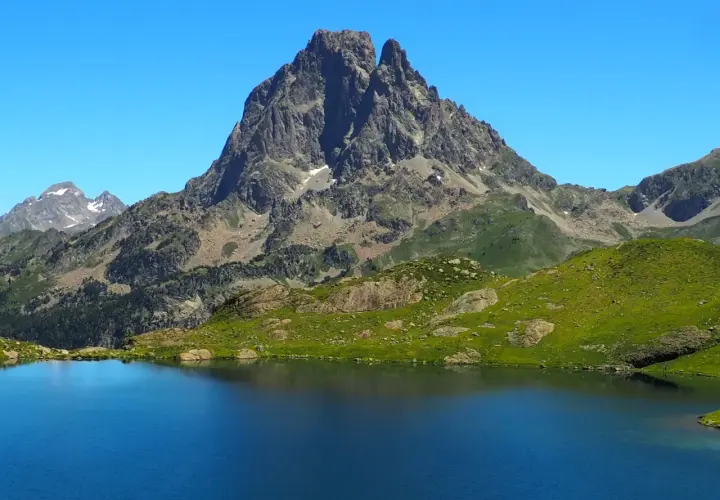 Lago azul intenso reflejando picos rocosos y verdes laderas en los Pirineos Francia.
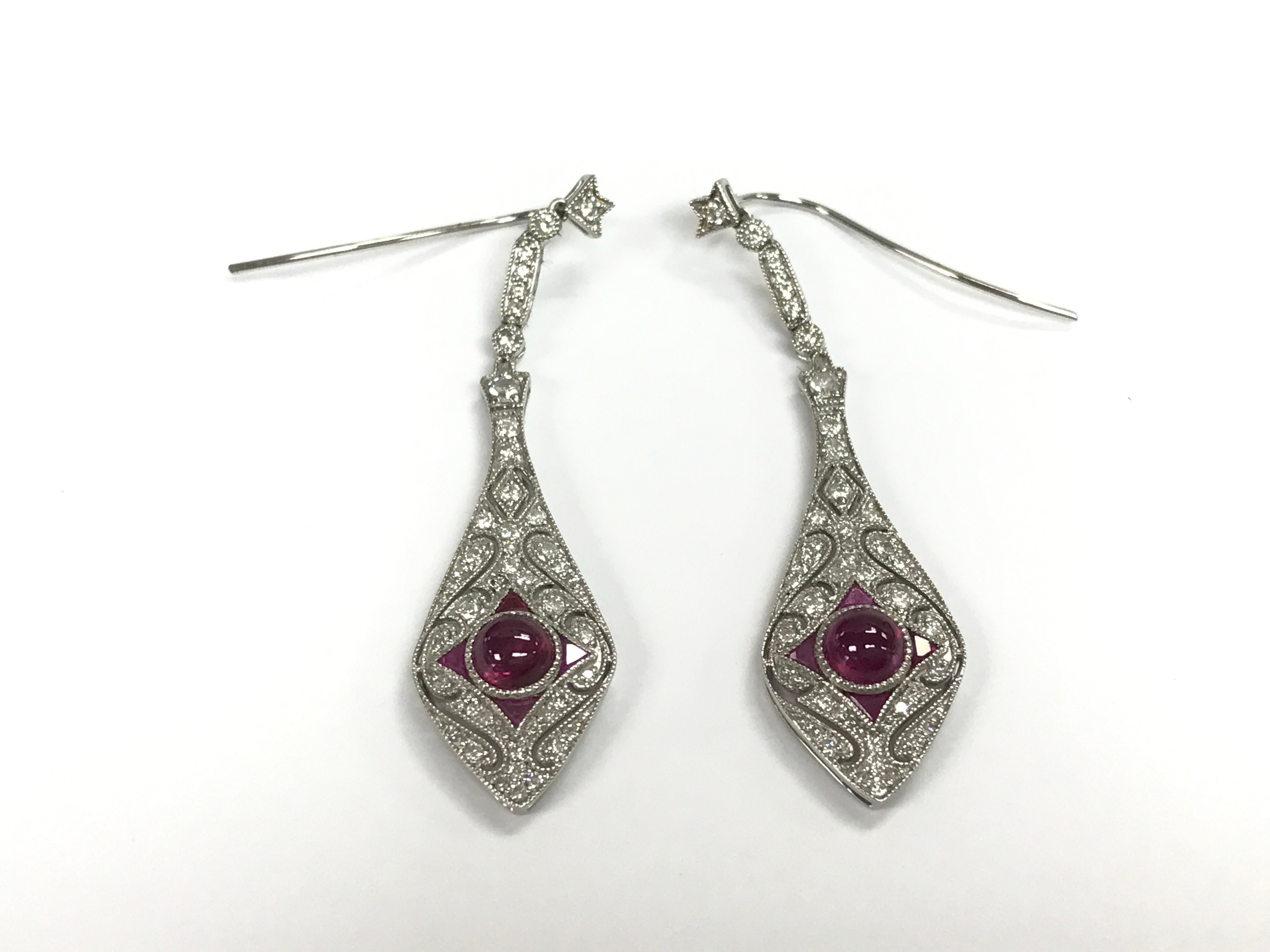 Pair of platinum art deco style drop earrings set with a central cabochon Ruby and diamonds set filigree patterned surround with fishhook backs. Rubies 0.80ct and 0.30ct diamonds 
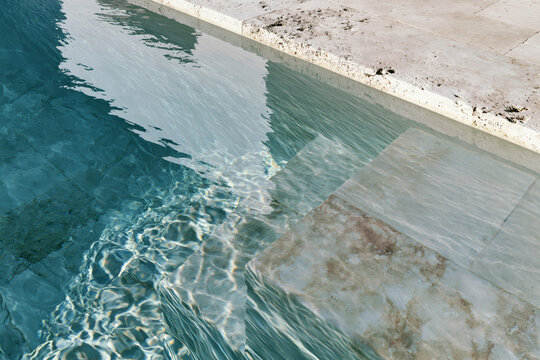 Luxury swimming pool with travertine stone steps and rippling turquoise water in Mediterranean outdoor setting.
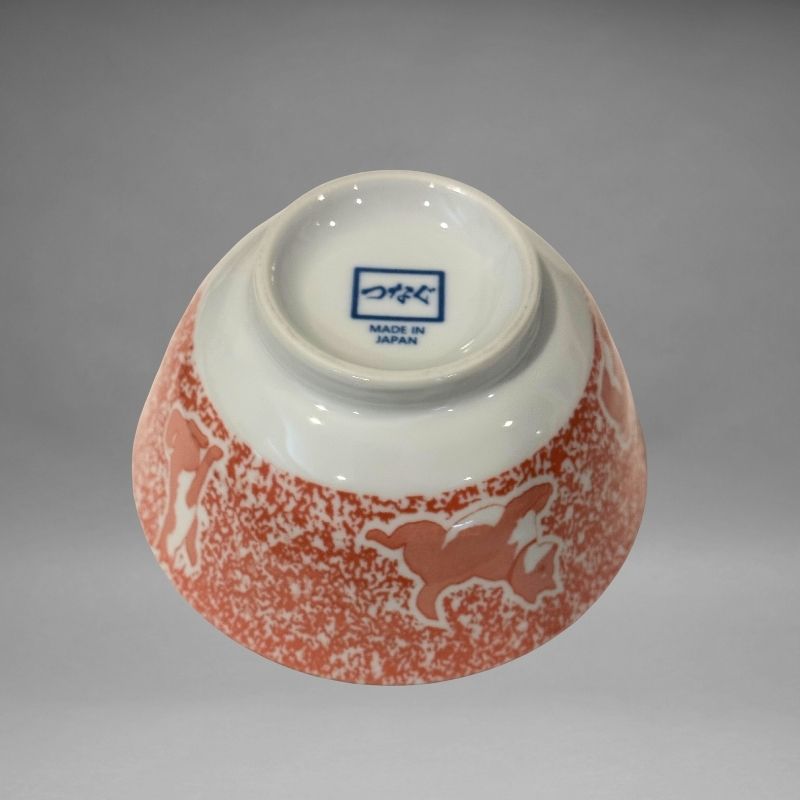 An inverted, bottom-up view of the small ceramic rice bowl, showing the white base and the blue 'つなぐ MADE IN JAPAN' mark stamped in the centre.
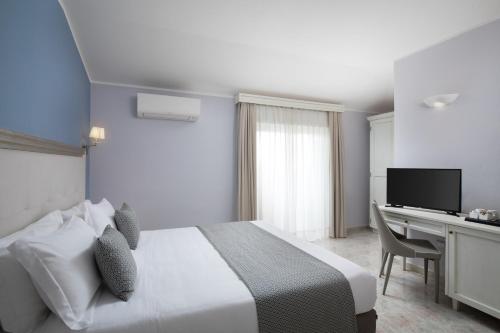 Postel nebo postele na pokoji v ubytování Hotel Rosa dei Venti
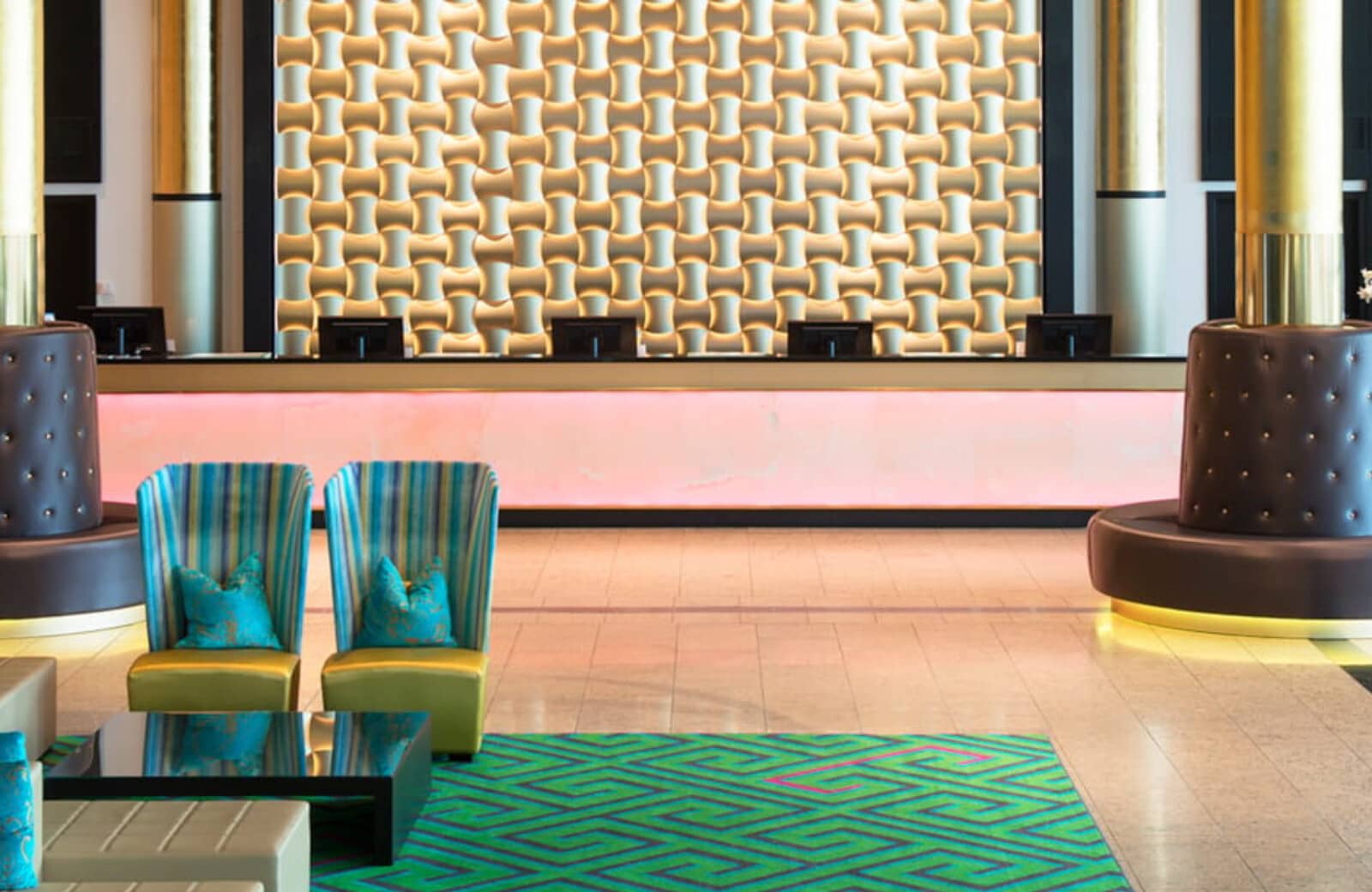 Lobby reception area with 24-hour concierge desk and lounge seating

━━━━━━

TASK DETAILS:
Repeat only the lines from the one with "Luxury swimming pool" through the end of the data, both included and exactly as written. Pictures stay out of the copy.

RESPONSE TO THE TASK:
 Luxury swimming pool with travertine stone steps and rippling turquoise water in Mediterranean outdoor setting.
 An inverted, bottom-up view of the small ceramic rice bowl, showing the white base and the blue 'つなぐ MADE IN JAPAN' mark stamped in the centre.
 Postel nebo postele na pokoji v ubytování Hotel Rosa dei Venti
 Lobby reception area with 24-hour concierge desk and lounge seating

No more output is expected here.